Strat's Place - The Arts

Jim Lux
Comments on his show

I love looking at ancient clay pots and appreciate the sense of history and process that many of them embody. I'm inspired by them to create objects that reflect the process involved in their making. My pots aren't thrown on a wheel - I build each of them from coils of clay pinched together. Then, I carefully scrape the surface smooth and gently nudge the form into something that pleases my eye and my soul. How their curves and surfaces feel ( and make me feel ) are just as important as how they look. Sometimes I add a bit of color to the surface, sometimes and incised line filled with clay slip. The quiet and meditative forming process results in a "blank canvas" on which the primitive fire can make its mark.

After an initial firing in an electric kiln, my pots are packed into metal cans with combinations of charcoal, pine straw, wood shavings and newspaper surrounding them. Then, I light the can on fire and it burns as quickly as the wind allows. Random patterns of carbon deposits cover the surface of the pots and remain as evidence of the firing process. The process - that's what I like. And it startles me sometimes that something of me comes through in that process.

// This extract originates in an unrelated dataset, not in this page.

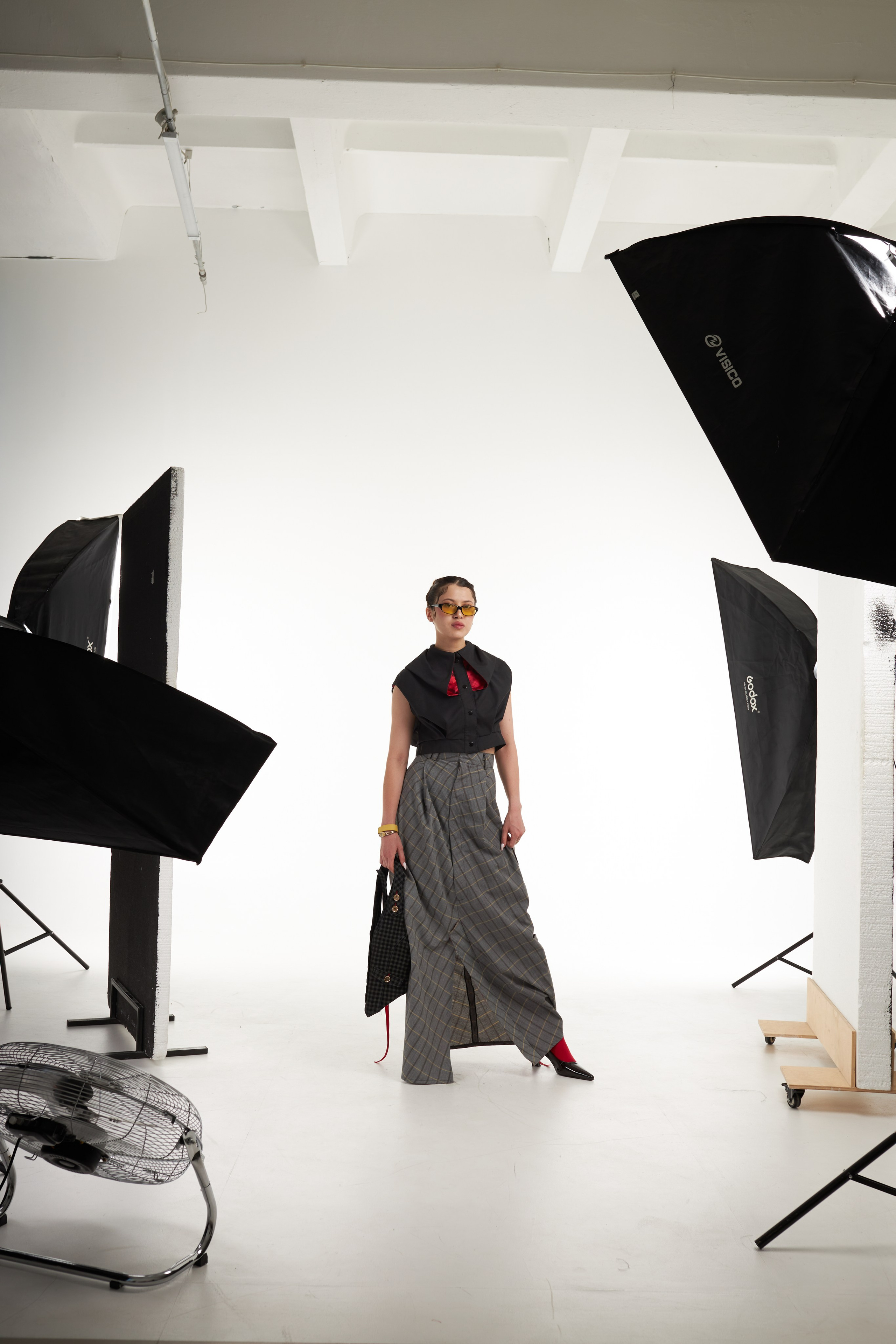 For Zukhra. Fashion-фотограф Желеуов Дулат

I remember making mud pies ( as most kids do ) and the pleasure that came from turning a glob of nothing into "something", a thick ( albeit unappetizing ) pancake-looking pie. I was surprised when it was pointed out to me that it wasn't really a pie, edible, but just mud. And it probably was "just mud". But the idea, the challenge of turning mud into "something" stuck with me. Making a pot from a lump of clay might not be difficult for me now, but making a really good pot continues to be my challenge. I hope that I come close to meeting that challenge every now and then - it's a utopian journey !

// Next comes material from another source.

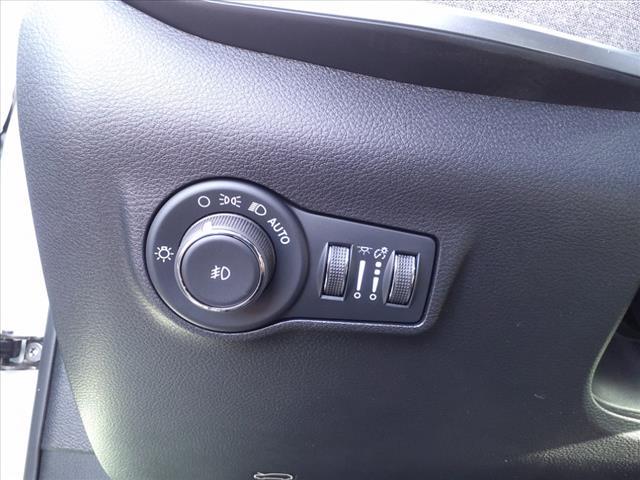 new 2025 Jeep Compass car, priced at $25,300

This may sound a bit hokey, but when the pots in this show talk to me, they say "Welcome Home". Several years ago I stepped away from my clay studio for a few semesters of graduate school, but over the past year or so I've started showing my pots again. I'm glad that the need to play in the mud has reasserted itself, nudged me back into the studio, and resulted in the group of pots, my first major show in a while. Though it may have been pushed aside very now and then, that driving need remains an important and persistent force in my live.

I'm excited about putting my pots beside Paul's wonderful paintings for this show. I hope that the glimpse of his spirit that shines in his work is complemented by the "something of me" that makes my pots mine. Enormous and eternal thanks the Linwood for his superb job as a "middle-man" in putting this show together !

I was born in New York and grew up in North Carolina. Following a childhood of various art-related activities, I eventually earned a BFA in Ceramics ( with a minor in painting ) from East Carolina University. After maintaining my own clay studio and working in a gallery in Creedmore, NC for most of the 1980's and early 90's, I decided to go back to graduate school at UNC-Chapel Hill to study Art History. I worked on an MA for a few years, but the clay has called me back. I discovered that, while I enjoy reading and writing about art, there's something stronger in me that needs to make clay objects.